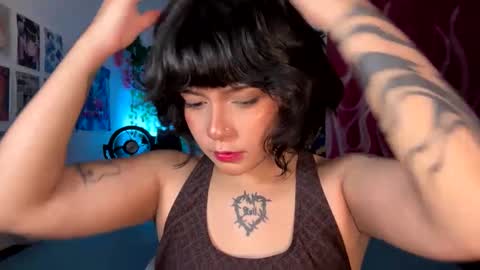 IG  gaby doll woo online show from February 11, 11:44 pm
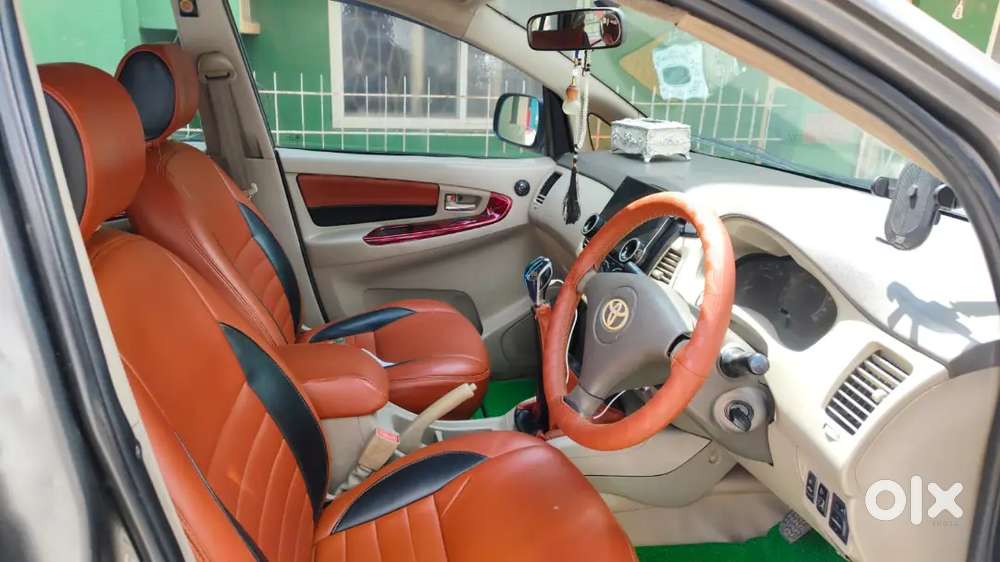 Toyota Innova 2010 Diesel Last
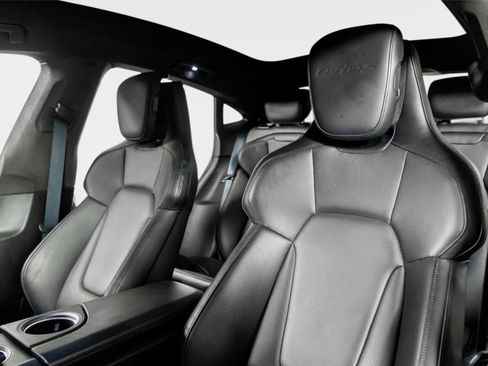 Used 2020 Porsche Taycan Turbo S w/ Premium Package image 3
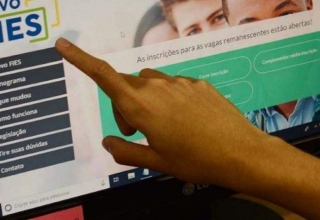 Vagas remanescentes para o FIES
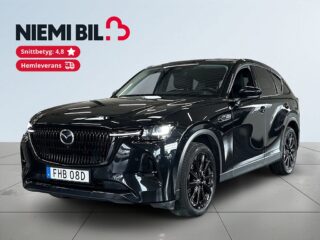 Mazda CX-60 PHEV AWD KAMPANJ 2010R/MÅN – 0,99% RÄNTA – INK GARANTI – bild 1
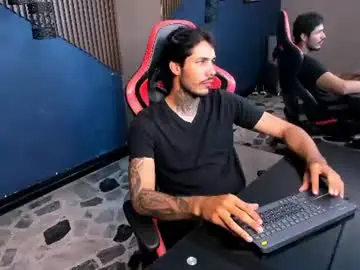 Chaturbate Sex Cam of jacksonn_green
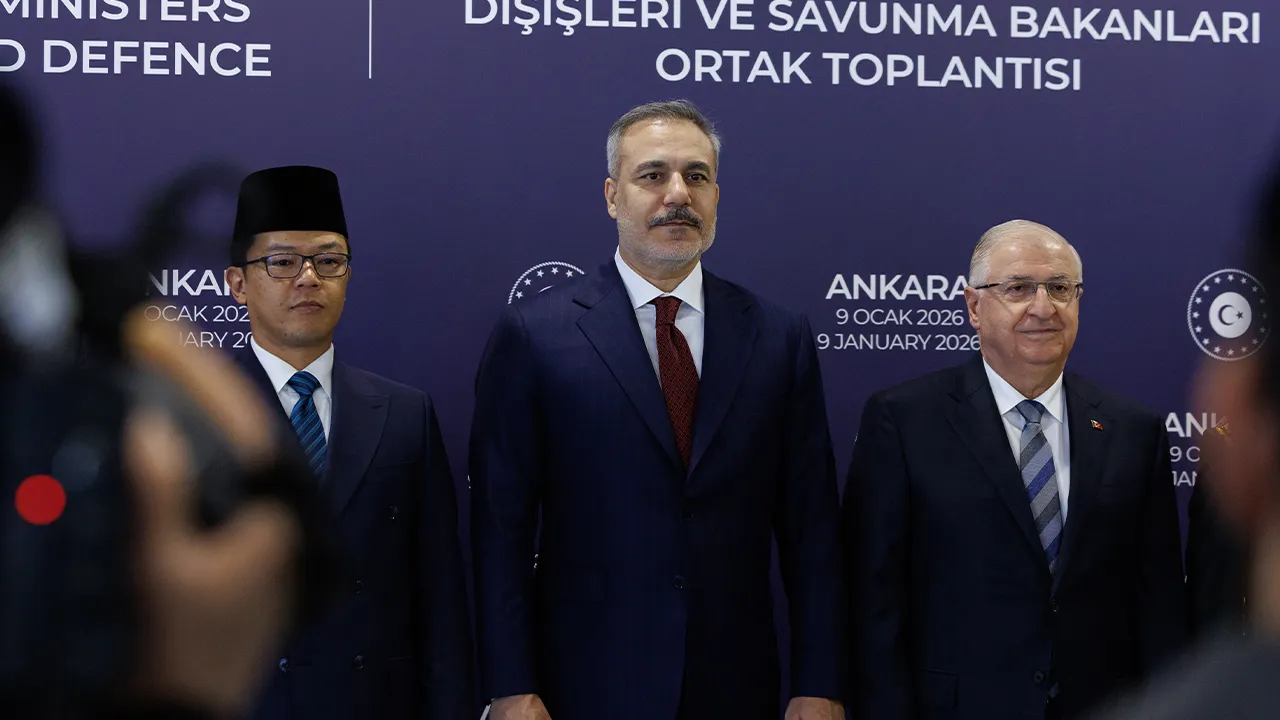 Bakan Fidan'dan terör örgütü YPG'ye: 10 Mart mutabakatına uyun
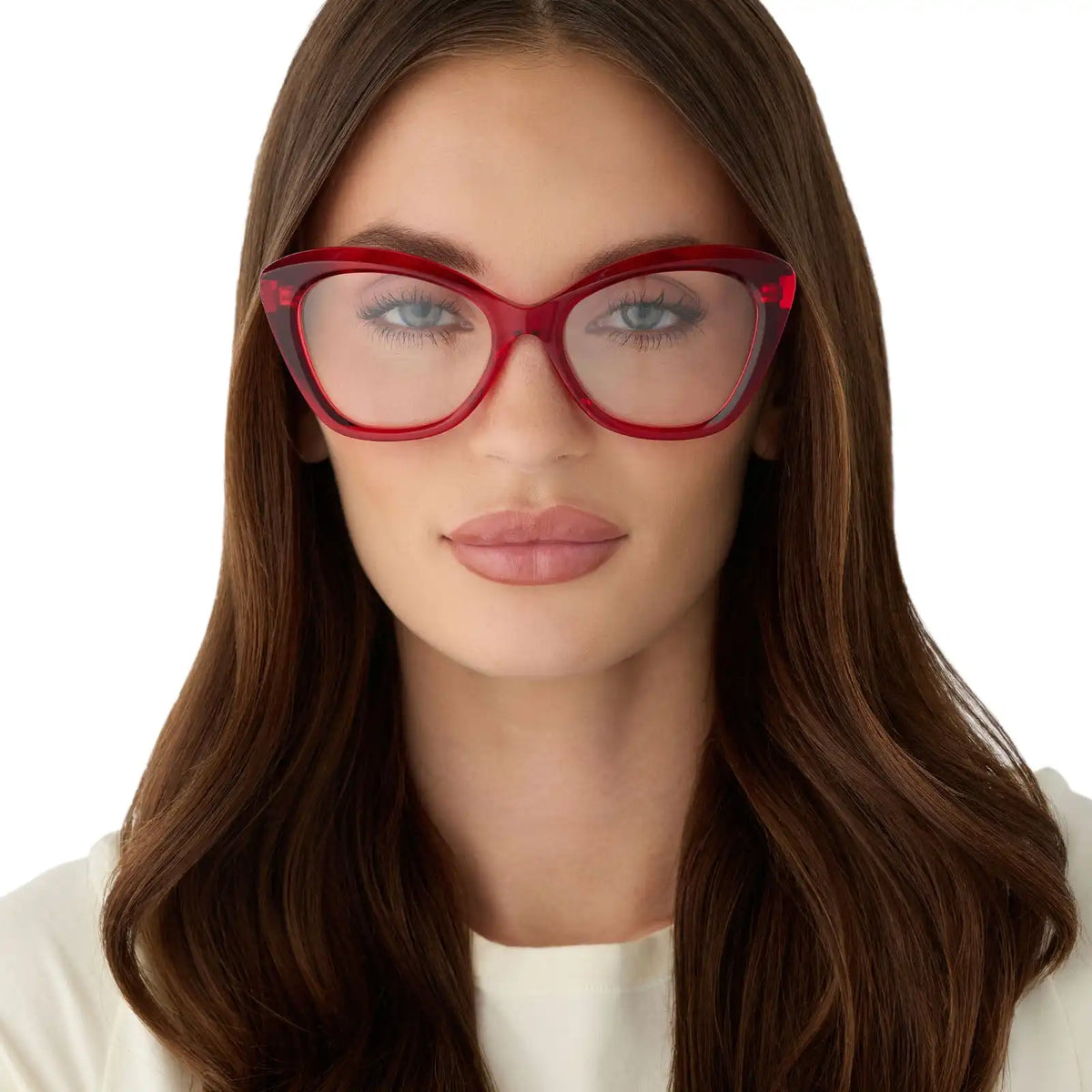 BETTY - RED HOT SUMMER + GLASSES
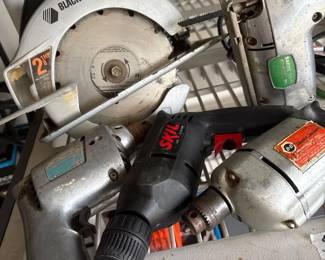 Power Tools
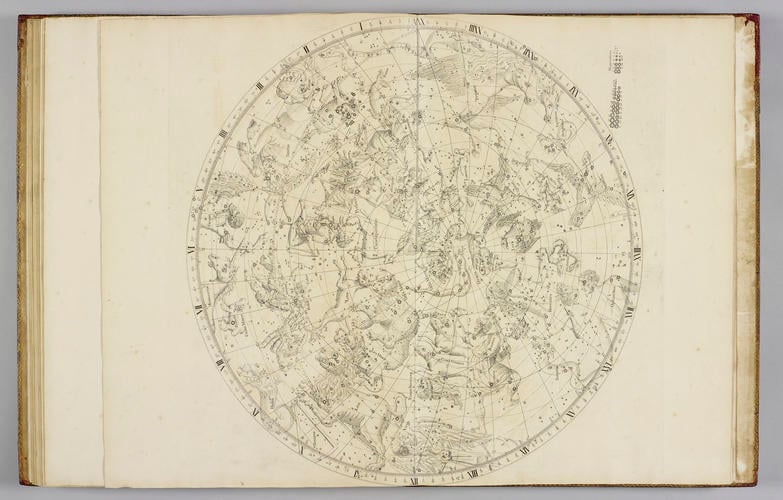 Atlas Coelestis / by the late Rev. Mr. John Flamsteed Atlas Coelestis / by the late Rev. Mr. John Flamsteed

───

▶ _Directions for this task_
Using the material above, retype each entry exactly and omit the pictures.

▶ _Solution_
 IG  gaby doll woo online show from February 11, 11:44 pm
 Toyota Innova 2010 Diesel Last
 Used 2020 Porsche Taycan Turbo S w/ Premium Package image 3
 Vagas remanescentes para o FIES
 Mazda CX-60 PHEV AWD KAMPANJ 2010R/MÅN – 0,99% RÄNTA – INK GARANTI – bild 1
 Chaturbate Sex Cam of jacksonn_green
 Bakan Fidan'dan terör örgütü YPG'ye: 10 Mart mutabakatına uyun
 BETTY - RED HOT SUMMER + GLASSES
 Power Tools
 Atlas Coelestis / by the late Rev. Mr. John Flamsteed Atlas Coelestis / by the late Rev. Mr. John Flamsteed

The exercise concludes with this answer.